The semi-state company refutes this, and says it has held "dozens" of open days and "many other meetings" to inform the public of its plans.
However, when repeatedly pressed on the matter, senior executives admitted they did not attend any of the 'monster' protest meetings that have taken place in towns in affected areas across the country in recent weeks, despite calls for them to directly answer communities' fears.
And they could not say if they would attend rally meetings over the coming weeks and months, despite deepening public anger over the pylon plans.
"Well, over the years we've found that those meetings aren't as effective [as open days] and that's the reason why we've been seeking really to have a way where there would be a two-way communication," Mr Kelly said.
"We've been at supermarkets, we've been having meetings with hundreds of local groups and stakeholders."
Responding to communities' concerns that the giant pylons would be a blight on some of the country's most scenic areas, EirGrid argued that similar structures were commonplace in other countries.
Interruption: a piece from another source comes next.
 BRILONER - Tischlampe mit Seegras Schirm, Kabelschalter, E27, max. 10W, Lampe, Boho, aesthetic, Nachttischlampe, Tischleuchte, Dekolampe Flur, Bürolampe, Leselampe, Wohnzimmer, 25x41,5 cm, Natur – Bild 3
It also dismissed fears expressed by community leaders that pylons erected close to homes would wipe up to 35 per cent off their property values, at a time when hundreds of thousands of homeowners already found themselves in negative equity.
And despite EirGrid's claims that it has done everything possible to inform the public about all aspects of the pylon plan, community and farm leaders say most people who will be affected by the pylon plans remain in the dark about how exactly it will impact on their lives.
On Friday, John Comer, president of the Irish Creamery Milk Suppliers' Association, told the body's annual conference in Limerick that there was "growing and growing" anger about the plan among farm families.
"The State seems to be gradually withdrawing from rural life vis-a-vis rural post offices, DVOs (district veterinary offices), garda stations, hospitals, schools and so on," Mr Comer said.
He said 99 per cent of people he knew did not understand what was going on in the pylon debate: "They just know they are plain ugly."